Great feature in the Media Guardian on the 40th anniversary of England’s most famous ad agency, Saatchi and Saatchi. Maurice and Charles left the company following a shareholder revolt in 1994 and set up shop as M&C Saatchi. Couple of interesting passages:
First, on the brothers’ impact on the global advertising and marketing industry:
“When we began, media buying took place in the media departments of advertising agencies. We folded all our agency media departments into one centralised media buying organisation. Nowadays, all media buying is done by centralised buying organisations. We said it would be more efficient for companies to coordinate all their marketing disciplines with one supplier; people said this could never happen, and that this was just a way for us to cross-sell different services to clients. We called it one-stop shopping. Today, they call it integration and it is the holy grail of all large marketers.”
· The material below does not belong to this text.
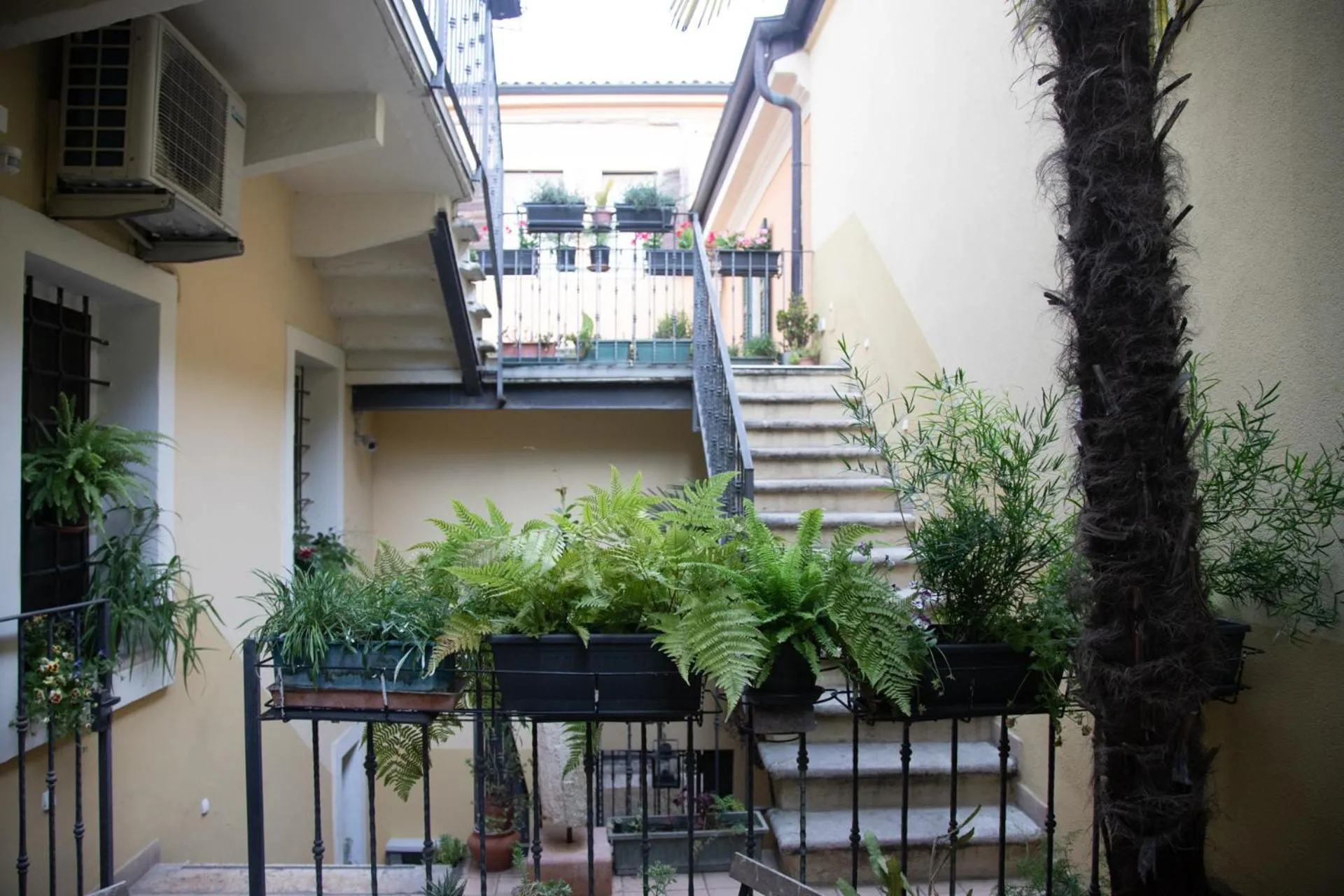 Balcony/Terrace in Romeo Giulietta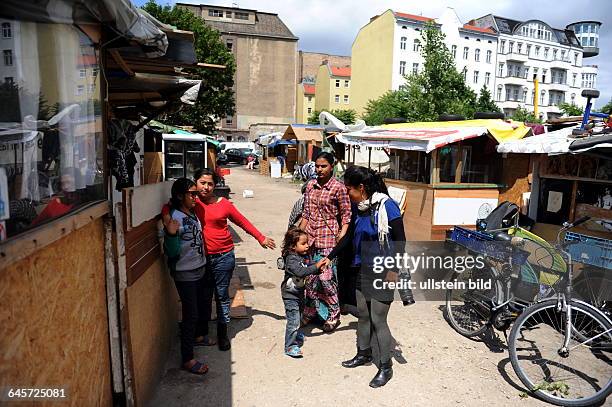 Berlin, 20.06.14 Immer mehr Menschen leben auf der Brache an der Cuvrystrasse in Kreuzberg, unter ihnen inzwischen auch viele Roma. Der Platz gleicht...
Second, a great quote on the lengths a new agency sometimes has to go to in order to win accounts in the early days:
Even the founding of M&C Saatchi involved some smoke and mirrors. Moray MacLennan, the chief executive of M&C Saatchi Worldwide, recalls pitching for the British Airways account, up for review when the airline protested against the brothers’ removal from Saatchi & Saatchi: “There were basically a handful of us working out of a single room. BA needed a worldwide network, the kind of agency that employs 20,000 people. So we took a lease for a day on an empty building, hired a group of models to pose as staff and held the pitch there – the best looking employees I’ve ever seen. The building was just round the corner from BBH who were also pitching for the account and they told BA what we were up to. So they asked for a second meeting and we had to rehire the building, redress it, employ the same models and prepare loads of fake CVs. They certainly knew what we were up to, but I think they liked the chutzpah. Anyway, we won the business.”
Also in the article: WPP was originally a shopping basket manufacturer before Sir Martin Sorrell took over and used it as a vehicle to buy a veritable basket of marketing agencies!
Disclosure – DDB, my employer competes with all agencies in the above posting.